| Provided data |
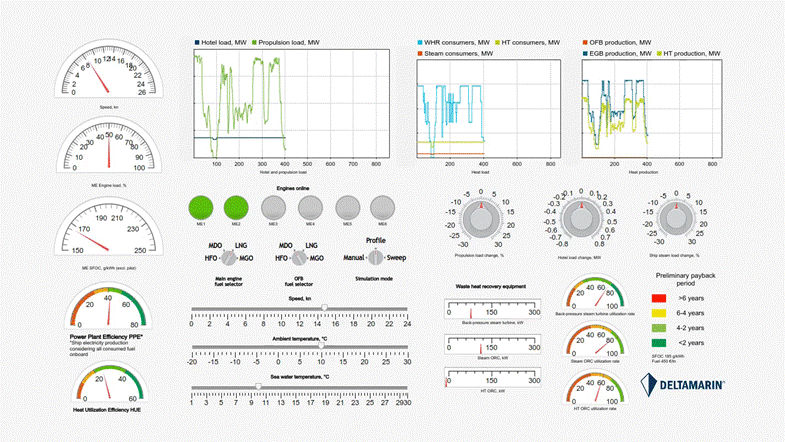 Illustration of ship energy simulation model dashboard configured for Viking Glory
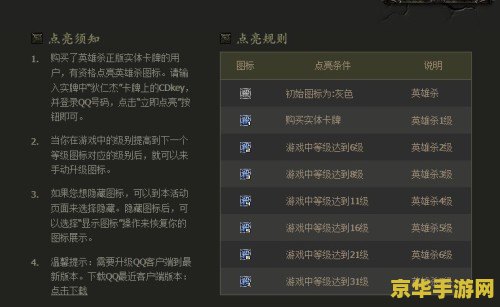 英雄杀图标怎么点亮 英雄杀图标点亮攻略 英雄杀图标怎么点亮 英雄杀图标点亮攻略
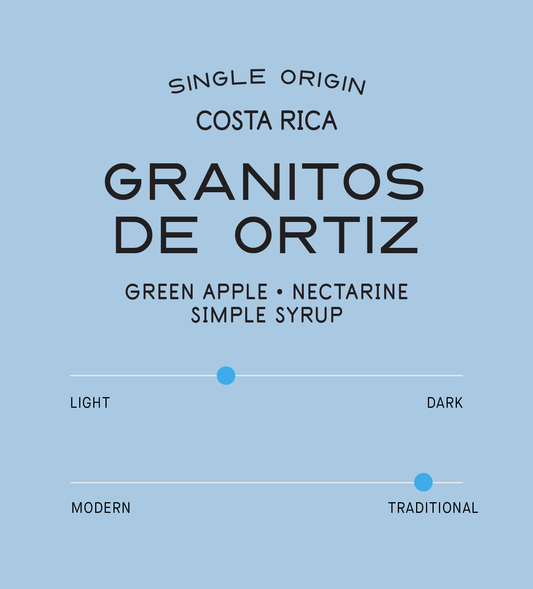 Archive: Costa Rica Granitos de Ortiz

| Problem requirements |
Return the material exactly as given, apart from the pictures.

| Answer to the problem |
 Illustration of ship energy simulation model dashboard configured for Viking Glory
 英雄杀图标怎么点亮 英雄杀图标点亮攻略 英雄杀图标怎么点亮 英雄杀图标点亮攻略
 Archive: Costa Rica Granitos de Ortiz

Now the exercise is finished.